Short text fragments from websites
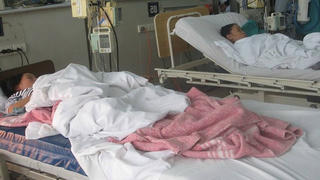 Thêm 4 trường hợp bị ngộ độc nấm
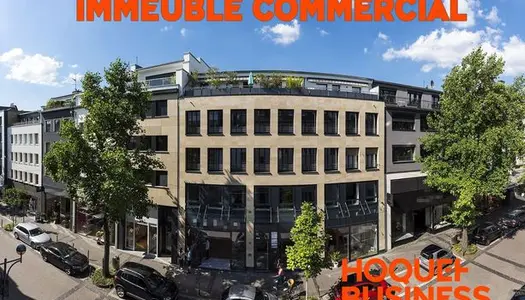 Immeuble de rapport 610 m² 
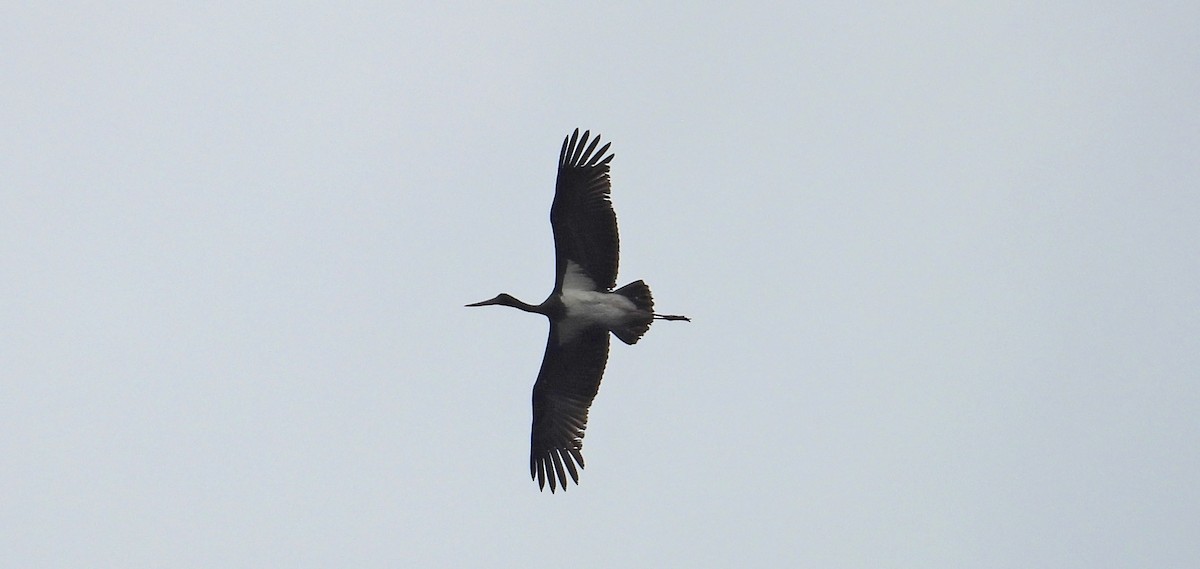 Black Stork - ML172197361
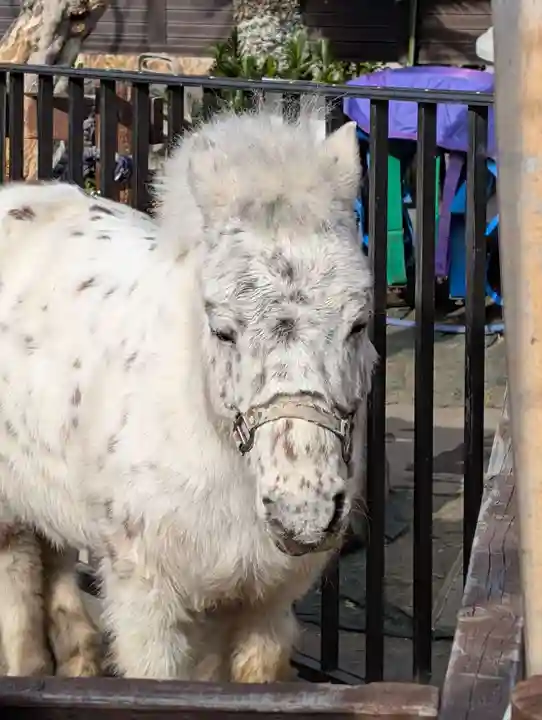 五方山熊野神社(東京都)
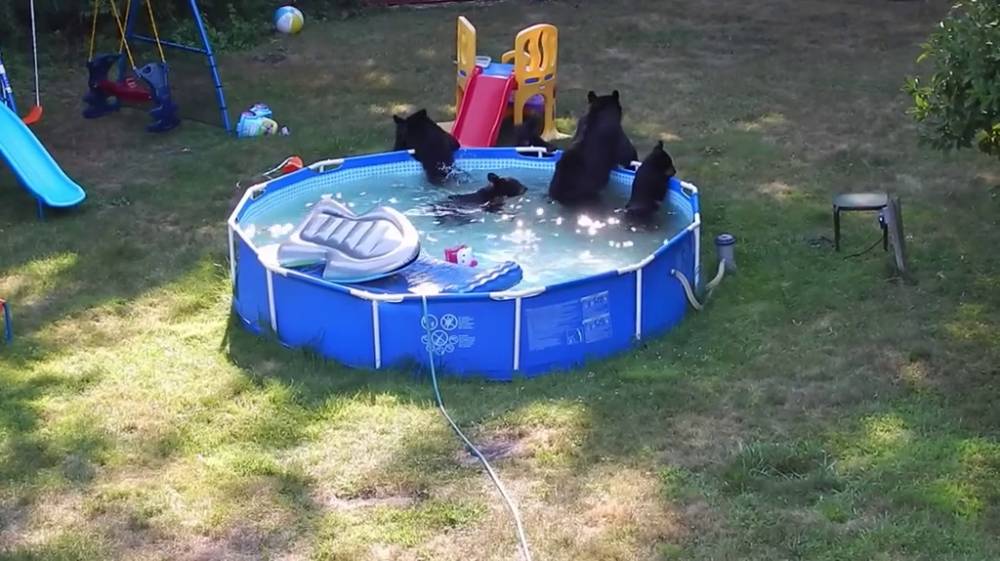 potret kocak di kolam renang (reddit.com/user/wisewordsofwarren)
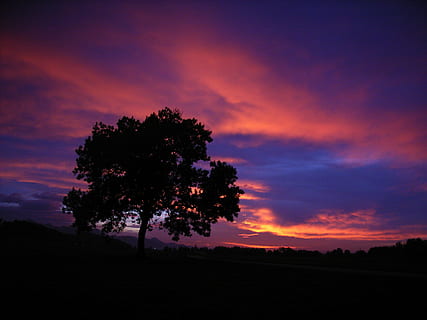 sunset, tree, sky, clouds, mood, twilight, silhouette, nature, dusk, abendstimmung, evening sky, afterglow, outdoors, landscape, sun, plant, beauty in nature, cloud - sky, tranquility, tranquil scene, environment, scenics - nature, land, orange color, no people, dramatic sky, field, idyllic, pine tree, pine woodland, evergreen tree, coniferous tree, 2K, CC0, public domain, royalty free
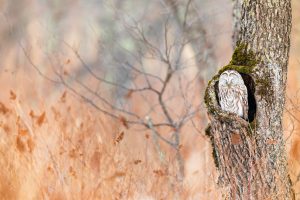 Chouette de l'Oural - Ural Owl - Strix uralensis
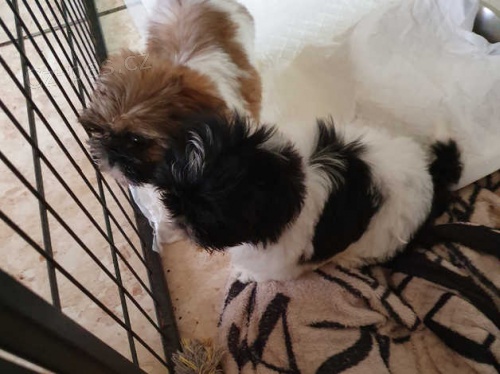 �t��ata shih tzu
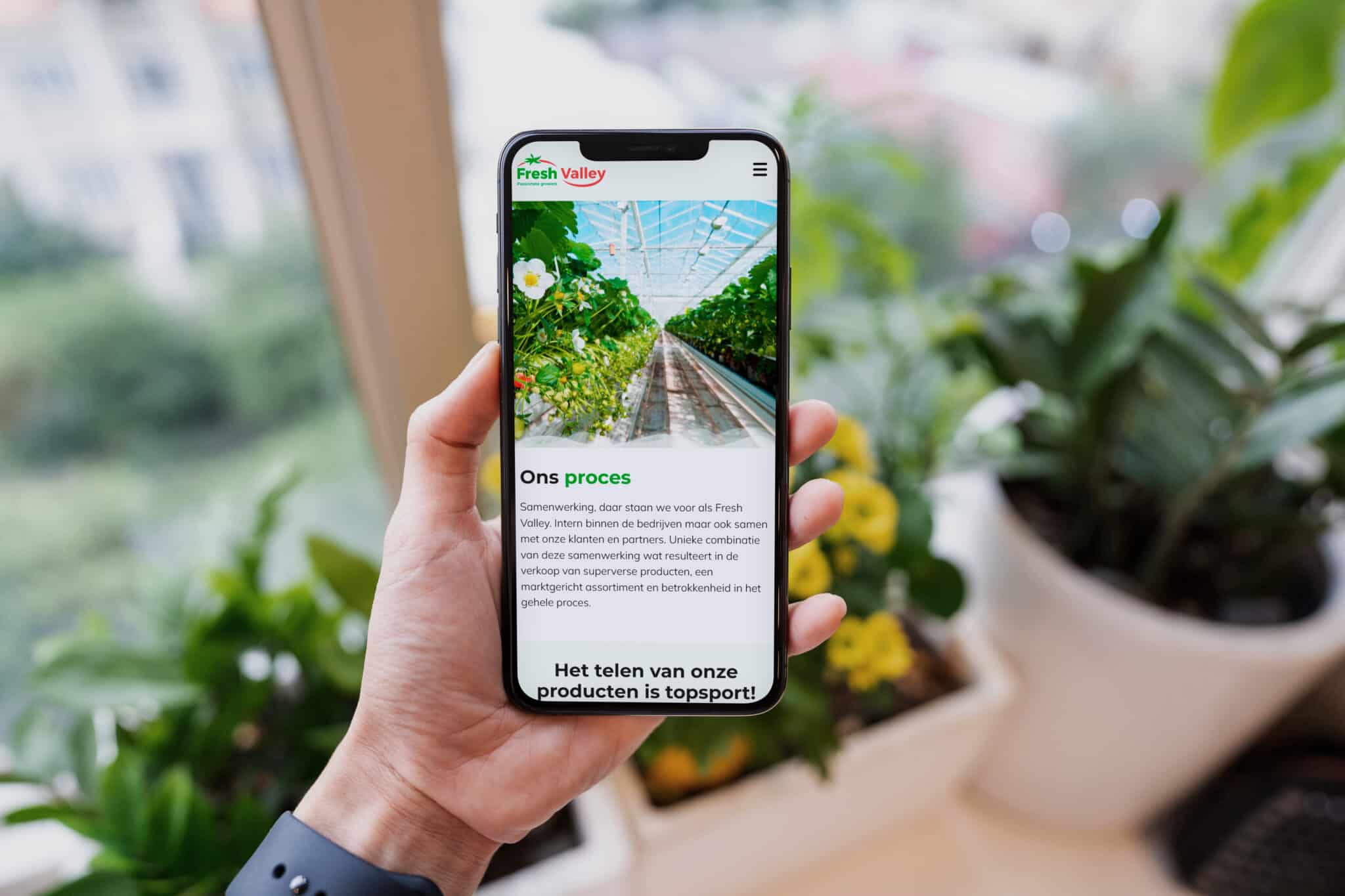 Fresh Valley iPhone Seite Prozess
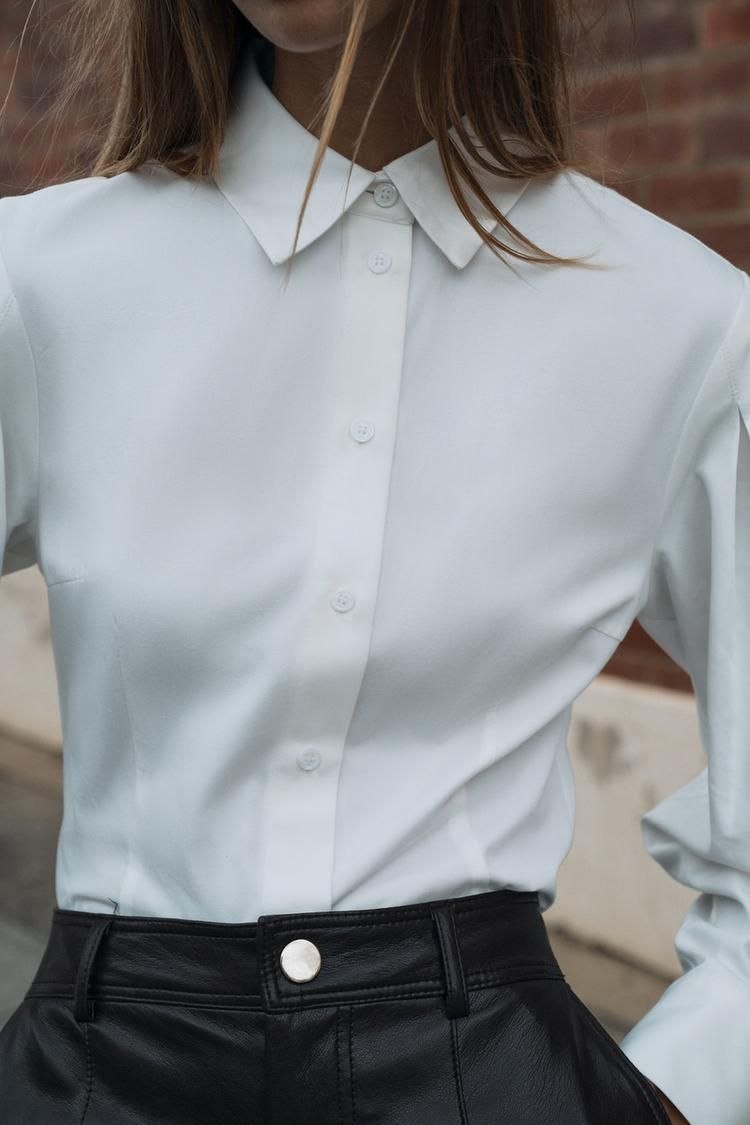 Zara Pleated Sleeve Shirt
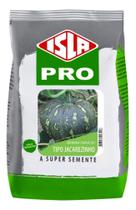 Sementes de Abobora Itapua 301 Tipo Jacarezinho - 500gr Sementes de Abobora Itapua 301 Tipo Jacarezinho - 500gr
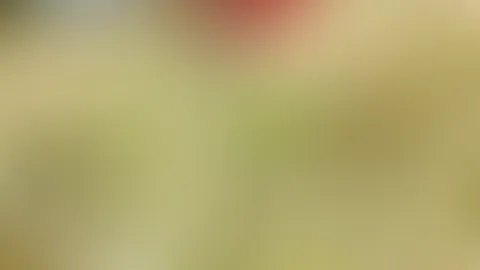 Letztes Jahr sommer war es so schön 😅😅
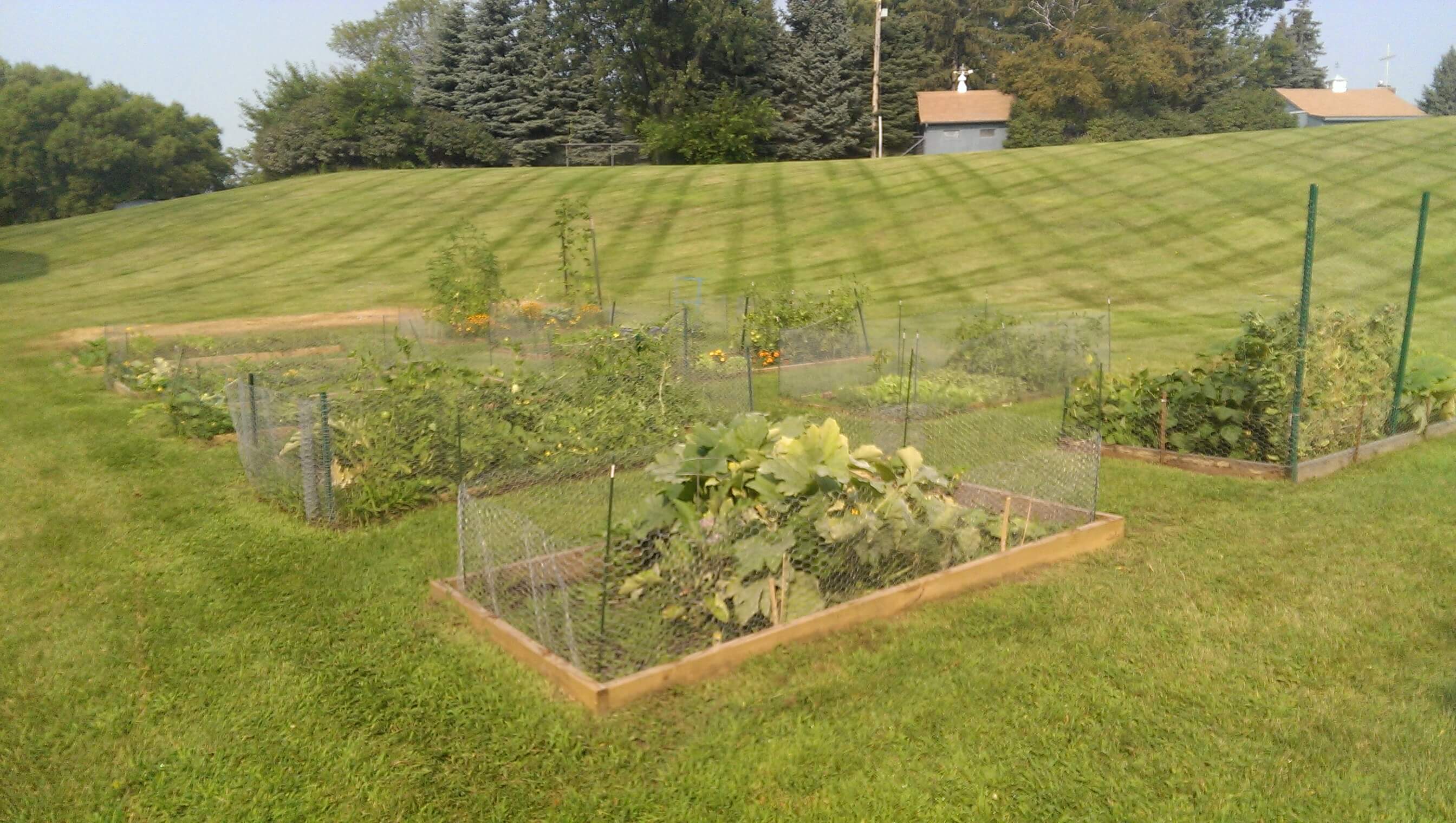 Beautiful Community Garden surrounded with lush green grass.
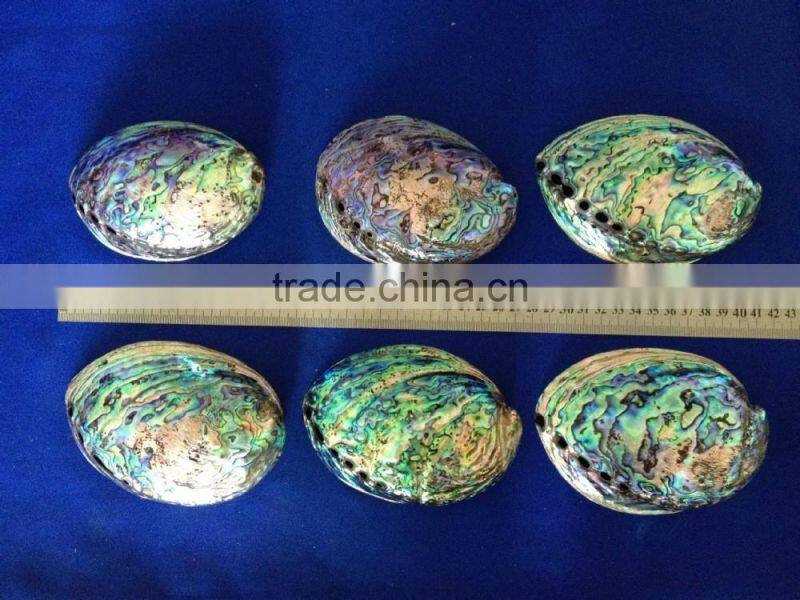Raw haliotis iris polished abalone shell crafts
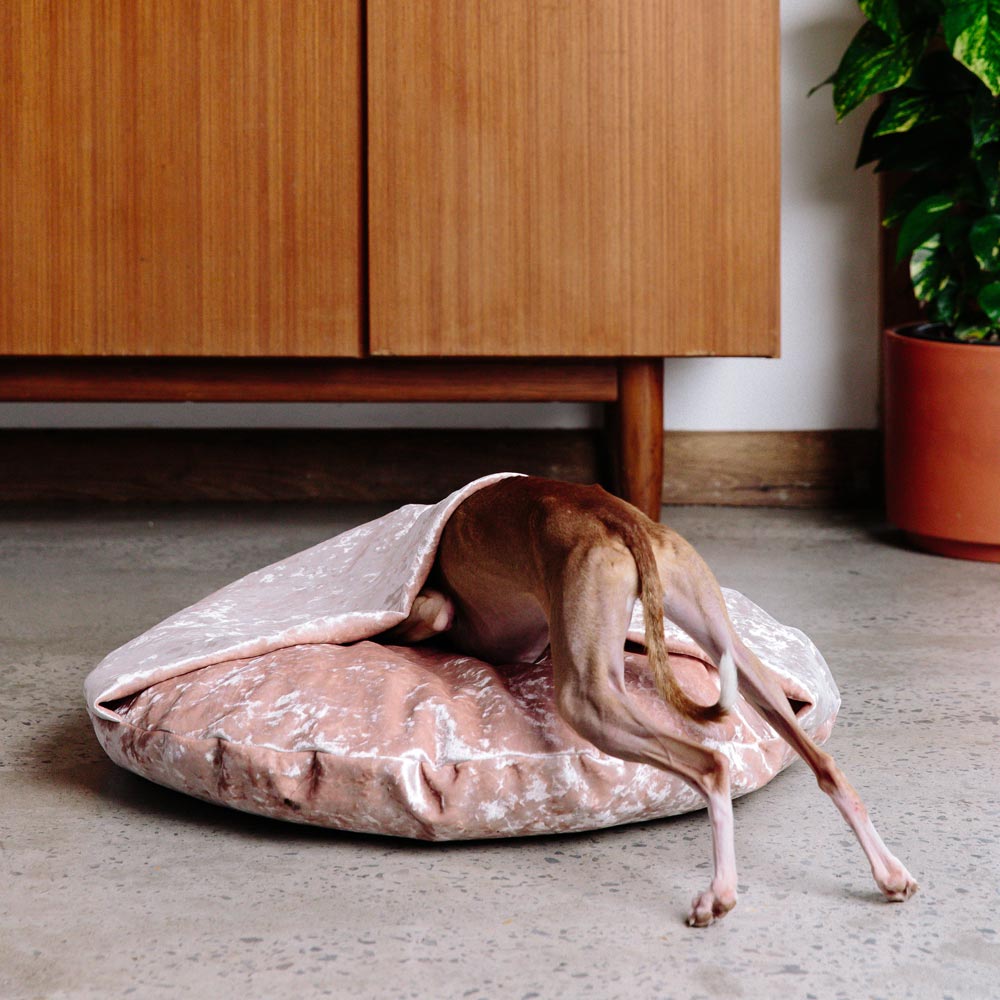 Velvet Snuggle Dog Bed - Peach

[Task item] Find the line with "Fresh Valley iPhone Seite Prozess" and the line with "Letztes Jahr sommer war es so schön 😅😅" in the records above. Copy both and all lines between them exactly, without pictures.

[Exercise output]
 Fresh Valley iPhone Seite Prozess
 Zara Pleated Sleeve Shirt
 Sementes de Abobora Itapua 301 Tipo Jacarezinho - 500gr Sementes de Abobora Itapua 301 Tipo Jacarezinho - 500gr
 Letztes Jahr sommer war es so schön 😅😅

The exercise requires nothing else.